For those of you with aspirations to publish or be published, do you ever get self-doubt and wonder how could you ever compete with the likes of Tolkien or Martin? I don't mean like being famous or financially successful, but I mean being loved and cherished like them or just celebrated as a good writer? I mean do you ever wonder why couldn't that be me? Just your thoughts on this.


----------



## Falaffel (Jun 22, 2013)

That's an awful way to think.

Positive-thinking and self-confidence in your work usually makes a fairly heavy difference on the outcome.


----------



## Sparklight (Jun 23, 2013)

I know it's awful, but I just get like that sometimes. I was wondering what do others say or do to encourage themselves to just be the best writer that they can.


----------



## M. LeRenard (Jun 23, 2013)

Well... honestly, in some ways I'd be more frightened of huge popularity.  The money thing would be fantastic; I'm sure Mr. Martin doesn't think often about his pocketbook these days.  But having a huge fanbase is a LOT of work, assuming of course that you want to keep them happy.  It means turning writing into a full-time career, and this includes doing book-signings, giving talks or speeches, showing up at conventions throughout the year, hosting panels, not to mention keeping up with people on social media or just by scanning through thousands of e-mails every day.  In addition to writing, of course, which you've got to do consistently from then on, both in terms of the type and quality of material you put out, and in terms of how frequently you're expected to put it out.  This is a pressure you get from both your publisher and your fanbase.

So for me, I don't fret about these things because in many ways I'd prefer to stay somewhat low-key.  Yes, I'd love to get published and recognized, and yes I do think it would be bloody awesome if my stuff got popular enough to, say, be turned into a movie or TV show, but that's all something I don't see as being particularly likely anyhow, and I really wouldn't relish the limelight if it did (that's just my personality; dealing with people is hard work for me).  So in the meantime, I'm allowed to just focus on getting better, and this is something I can do in my spare time since there's no money riding on its success.  And that's nice.


----------



## Conker (Jun 23, 2013)

I remember that the likes of Terry Goodkind, Suzanne Collins, Patrick Rothfuss, Dan Brown, Earnest Cline,  and Stephanie Meyer got books published.

That's all you really need.


----------



## Sparklight (Jun 23, 2013)

You didn't like the Hunger Games? Just asking.


----------



## Sparklepaws (Jun 23, 2013)

I've often felt this way, but it's because of these feelings that I was able to progress. They pushed me forward and made me want to be better, so in turn I made myself better.

Nothing is out of reach for you, it's all within your grasp if it's given the proper amount of attention and energy. The reason why we falter is we fear our ability to accomplish things, but in reality it's because we fear them that we never achieve it.
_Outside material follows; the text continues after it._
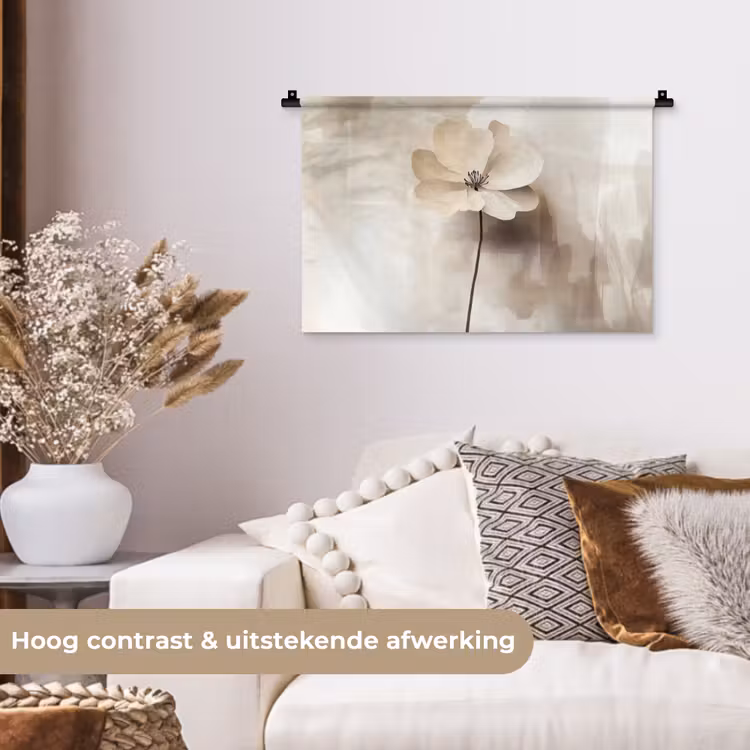 Wandkleed - Bloem - Beige - Verf - Schaduw — 4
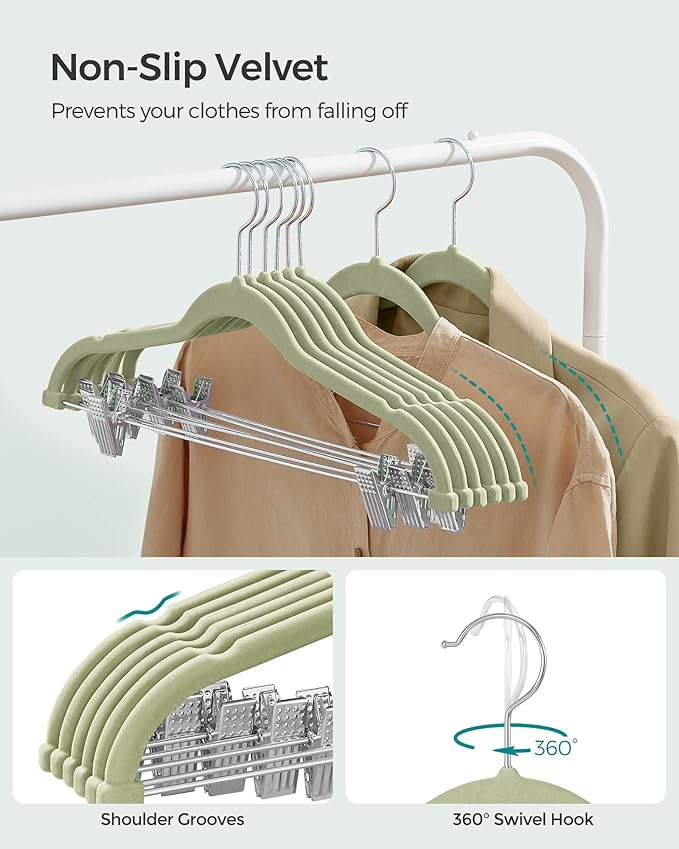 SONGMICS 30-Pack Pants Hangers, 16.7-Inch Long Velvet Hangers with Adjustable Clips, Heavy-Duty, Non-Slip Skirt Hangers, Space-Saving for Pants, Skirts, Coats, Dresses, Pale Green UCRF012GR30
Ironic, no?

I do know where you're coming from though, these pitfalls are normal. Sometimes I look at an awesome bit of art or writing and think to myself, "Damn, I could have done that". Then a little voice inside my head chuckles and says, "Ah, but you can" ;3


----------



## Conker (Jun 23, 2013)

Sparklight said:


> You didn't like the Hunger Games? Just asking.


No. The books are at best mediocre and at worst...well, the third book is some straight up trash. 

Collins doens't handle the first person present perspective all that well, and her books are completely lacking in detail. They also don't seem to know what they are, since they were marketed as action/adventure, but in all cases, the action and adventuring doens't start until well past the halfway point. I was never able to buy into her world or the premise she put forth either.

The first book did some things well, but on the whole, it was nothing special. And then it blew up like most nothing special books do these days when they are marketed well.

I also forgot to add Seth Grahme Smith to that list.


----------



## dinosaurdammit (Jun 23, 2013)

I think about murdering steve, and i feel instantly better. Imagine killing steve and you will excel.


----------



## Hewge (Jun 23, 2013)

Dance it out.


----------



## VengeanceZ (Jun 27, 2013)

The less you think about what other people will think about your work, judge it the less stressed, worried you will be. Just let go, focus completely on the story. Don't worry about anything, just imagine your story, setting, characters. Like a vivid dream, almost like a daydream.

I know a person who could write 10 pages a day. He completely focused his mind on his novel, without any distractions at all and put his mind to work. Simple as that. Although it might be hard for the modern generation or people with anxiety or stress in their lifes, you just got to practice at it. The more you do something consistently the easier it is to do it again and again. This pretty much applies to all things in the universe.


----------



## Sasya (Jun 27, 2013)

Have you read Tolkien, or just heard about him? ~.^  He's one of the authors on my tiny list of "I will never be as good as X, but I will always be inspired by him/her."

Not that I believe I'll be as good as authors I consider to be 'second rate', McCaffrey, Bujold, Niven, Nye, Rowley and so very many others... but they are not yet Tolkiens in their own right.  They have moments of genius, but I can measure myself to some fraction of their standard. 

But Tolkien, Shakespeare, et al ... to deign compare myself would invite madness, for I would realize that without dedicating my entire life and every ounce of my breath and breadth, every fibre of my being to the mettle of writing, to abandon all hopes and dreams I have in domains outside the literary, to sacrifice myself and my own and my dreams and my loves and passions for the chance to achieve such a standard... I would have no chance. 

So how do I deal with this? 

I write.  I pour every ounce of passion and love and lust, and every dream, amplified.  Every moment of joy, every feathered touch of pain and extremity; I harness the magic of being inherent in every opportunity, every touch of divinity and inspiration.  I steal every iota of an idea I can extract from nature, from those I know, from those I admire, from those I despise;  I summon the magic in every moment in life, every blessed breath to pour into writing in what little way I can, to shape crude words into finer points after drawing them from the melange of thoughts and motions and emotions that fill my head. 

That's how this fox deals with it.

~Foxy


----------



## Kishi (Jun 27, 2013)

A huge tub of ice cream, a jar of pickles, a blog, and chick flicks :V


----------



## Conker (Jun 27, 2013)

Sasya said:


> Have you read Tolkien, or just heard about him? ~.^  He's one of the authors on my tiny list of "I will never be as good as X, but I will always be inspired by him/her."


I have such a list! It's really only comprised of George R R Martin, Niel Gaiman, and Steven King though. Shakespeare too, I suppose, but I don't find myself writing plays or poetry all that much, so it's hard to invoke comparisons or the like.


----------



## Sparklight (Jul 1, 2013)

It's really more of a "Could I have wrote that if I hadn't read it first?" thing. Yes there are plenty of _terrible _writers who get published, but the thing is as awful as Paolini or Brown or whoever it is was they were still good enough to get published. I'm not in it for the money, but some recognition would be nice. Feedback would especially be useful. At least if people told me why my stories sucked I could theoretically improve. I don't know, maybe I'm just bitter.


----------